La Estrella was known as Villar Las Viñas until the end of the 15th century. The name was changed to La Estrella following the apparition of the Virgin Mary.

Out of the many stories, the oldest one is written by Father Faci. Father Faci indicates a shepherd was tending to his livestock in the area. While among the pine trees, he glimpsed a glow so bright it blinded him. Reminiscent of the burning bush of Horeb he went to examine the light. Upon examination a statue of the Virgin Mary was revealed, holding a baby Christ in her left hand and a bright star in her right. The shepherd then took it back to Mosqueruela to be placed in the parish church to be worshipped. However, each time it was placed in the church, the image of Virgin Mary would return to where it was found. Thus, they decided to place it at the site of the apparition, where a chapel was built to worship it.

The first church "did not exceed two narrow arches". In the 1500s a new chapel was built to house the image of the Virgin Mary of the Star and a sacristy; two chapels dedicated to John the Baptist and the Holy Cross; and a bell tower.

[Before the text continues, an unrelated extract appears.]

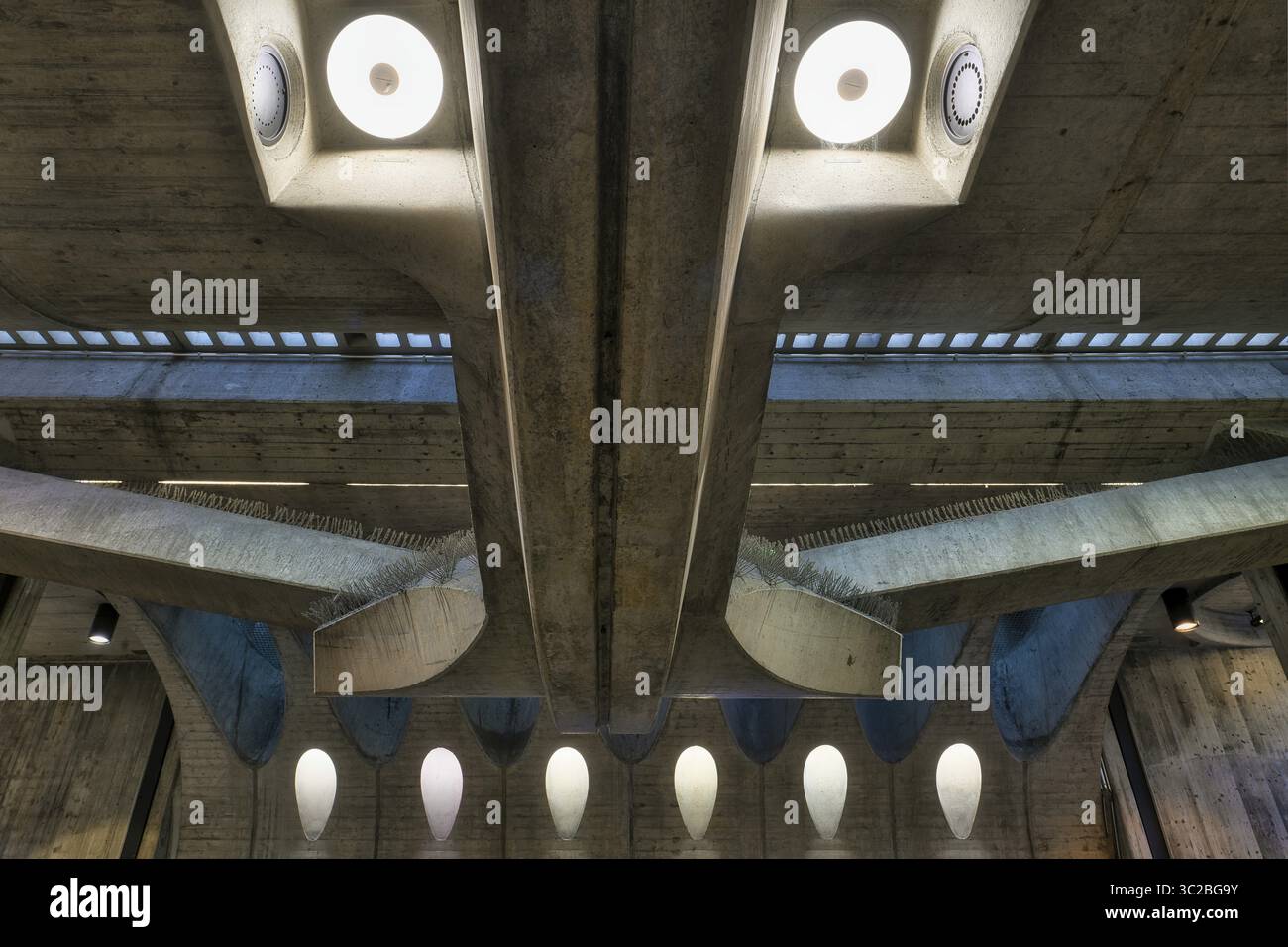 Plafond en béton futuriste d'un passage de gare ferroviaire, Zurich, Suisse Banque D'Images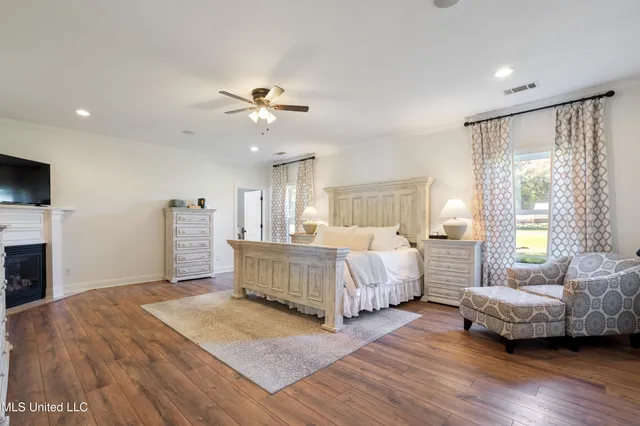 $925,000 | 2597 Oak Manor Drive, Hernando, MS 38632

However, these buildings were cleared to make way for the construction of the current church. The current church, the Sanctuary of the Virgin of the Star, began construction in 1720 and was overseen by Miguel Garafulla.

In 1883, the town was hit by a flash flood; heavy rain combined with the steep slopes of the valley killed 26 and washed away 17 houses.

In the early 1900s, the town had approximately 200 residents. The village had 2 schools, one for boys and one for girls. The village also had 2 taverns. However, following the Spanish Civil War and the industrialization of Spain in the 1950s and 60s, the village experienced severe rural flight (éxodo rural), eventually leaving the town nearly abandoned by the 1980s.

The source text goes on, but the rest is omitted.